Not all of it was unkind, even when stereotyped.  More importantly, not all of it was stereotyped, even when unkind.  It was necessary only that somebody be the butt of a joke because they were stupid, for any reason.  That was what eventually pushed that penguin off the ice, I think. The scripts had gotten less racist over time, making fun of a generic stupid person on stage with the same lines that had been used since early burlesque (at least), but there was no getting around it.  Once you put on blackface (or a sombrero and serape) you were pretty much including the whole group in the accusation, even if there was nothing specifically Negro about the type of stupidity.

You can see both at work here: the blackface and accents are pretty rank. But the jokes themselves could be just anyone.

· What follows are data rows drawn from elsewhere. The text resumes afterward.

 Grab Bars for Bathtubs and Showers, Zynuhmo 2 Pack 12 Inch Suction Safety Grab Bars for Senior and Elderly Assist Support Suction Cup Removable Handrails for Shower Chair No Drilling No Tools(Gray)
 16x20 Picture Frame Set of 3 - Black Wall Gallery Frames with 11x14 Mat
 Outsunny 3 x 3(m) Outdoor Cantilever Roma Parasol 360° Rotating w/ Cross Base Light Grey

Notice that when people kept the format after 1967 or so, they could find only one group to be made fun of safely – Scandinavians.  Think Laugh-In’s Arte Johnson, the Muppet Show, Prairie Home Companion.  Other ethnic groups were mocked only in the gentlest manner, and most not at all.*  Relatedly, Foster Brooks – and Frank Fontaine as Crazy Guggenheim – dropped like a stone. Though Craze was something of a subtler type, showing innocent wisdom in his damaged thinking. You couldn’t do those routines now.

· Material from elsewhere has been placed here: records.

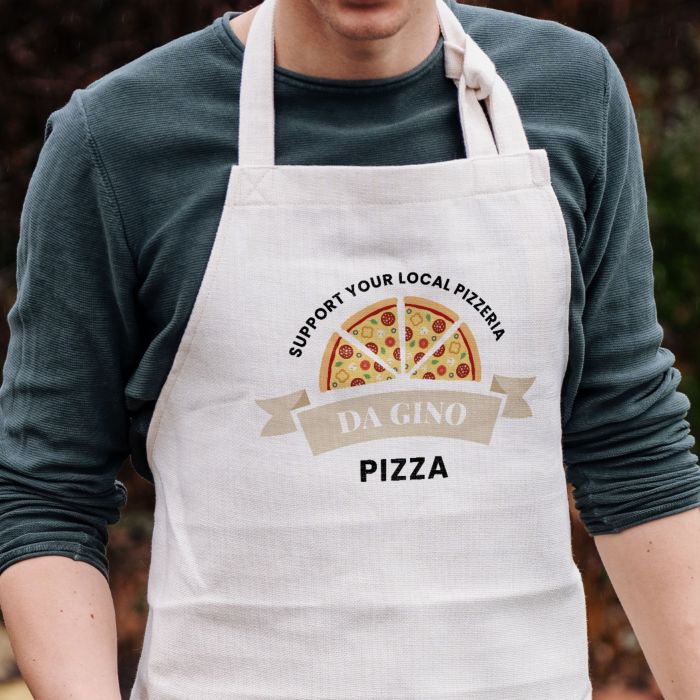 Grembiule da Cucina Personalizzato con Pizza e Nome 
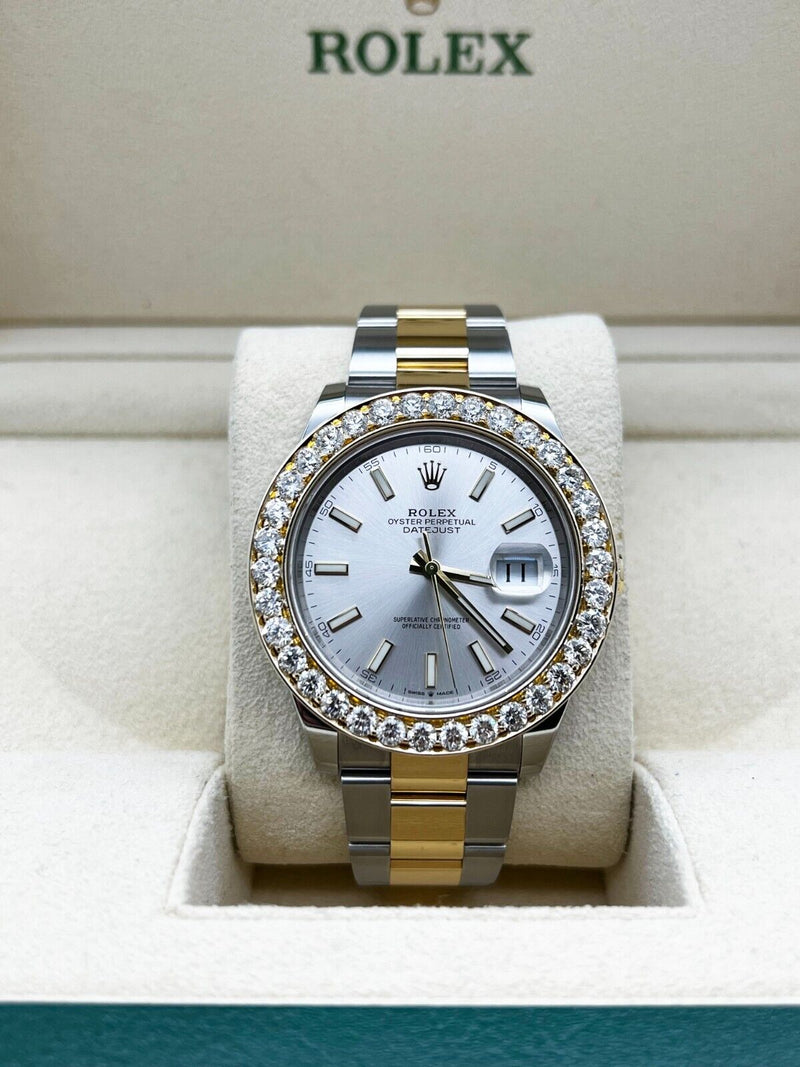 Rolex 126333 Datejust 41 Silver Dial Diamond Beze18K Yellow Gold Stainless Steel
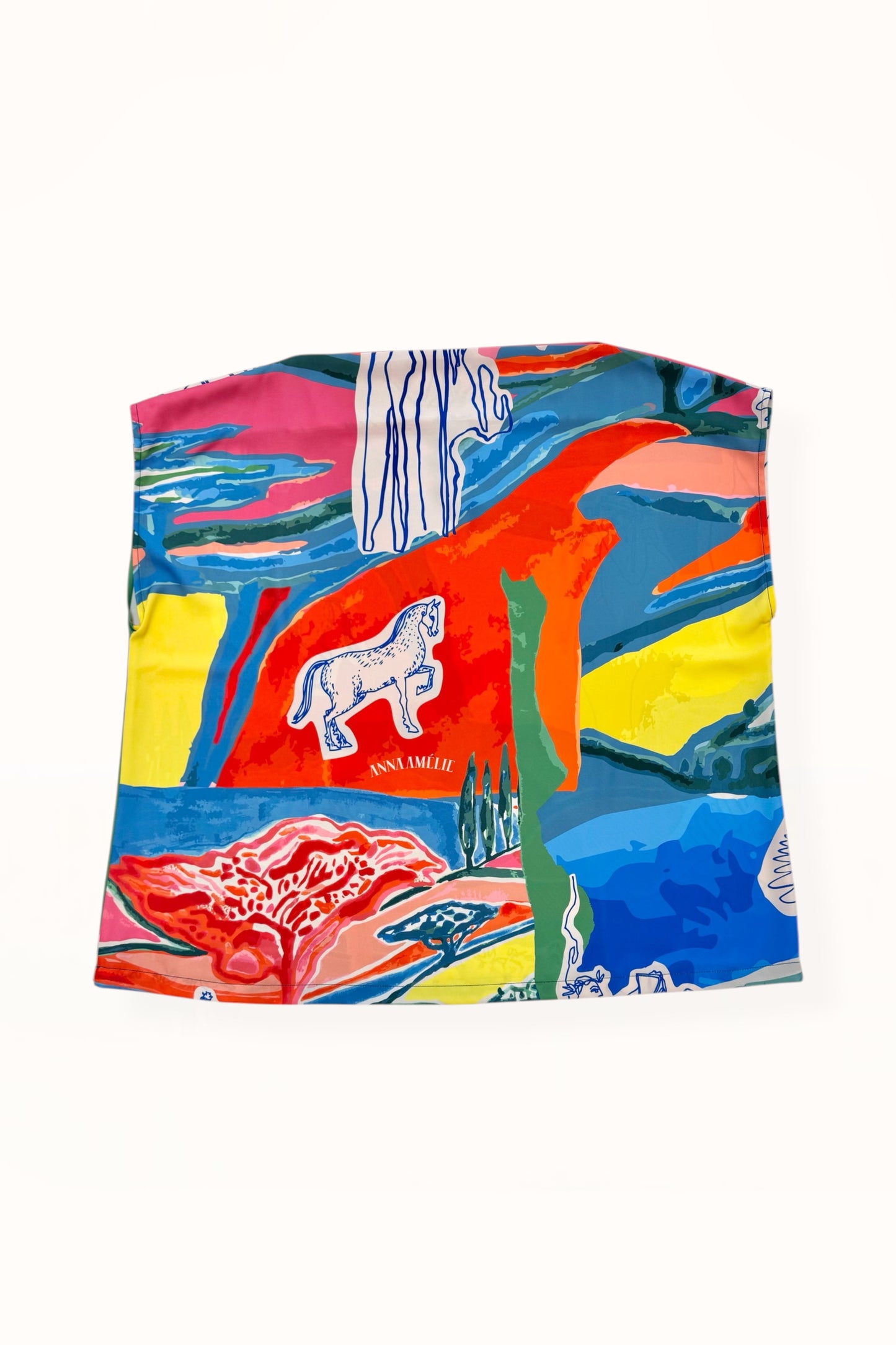 SLEEVELESS BOAT NECK TOP - “ARCADIA PRINT” | PATCHES MULTICOLOR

The petty meanness has not fled, only changed its costume.  We do think we are morally superior now, but it isn’t so. We just like congratulating ourselves on how we’re not racist – which we prove by finding racism in others. It’s a great disguise to keep us from looking at our own new and improved bigotries.

*There was a major exception, in being able to make fun of Hillbillies, but they often participated in same (Hee Haw, Minnie Pearl at the Grand
Old Opry).  That could turn mean, though, from other whites wanting to kick someone. Still does.

14 thoughts on “Minstrel Show”

  1. Back in the era you are talking about, AVI, the BBC (yes! That BBC) had a popular nationally-televised musical variety show called “The Black & White Minstrel Show”, featuring English entertainers with half of them in blackface. Of course, there were very few actual Africans in England in those days, and TV was in black & white anyway. There was nothing racist about that program. There was racism at the time, but it was directed at Germans, Italians, Irish, Welsh, Scots — all people who today’s simplistic Far Leftists lump together with the English in a unified “White” category.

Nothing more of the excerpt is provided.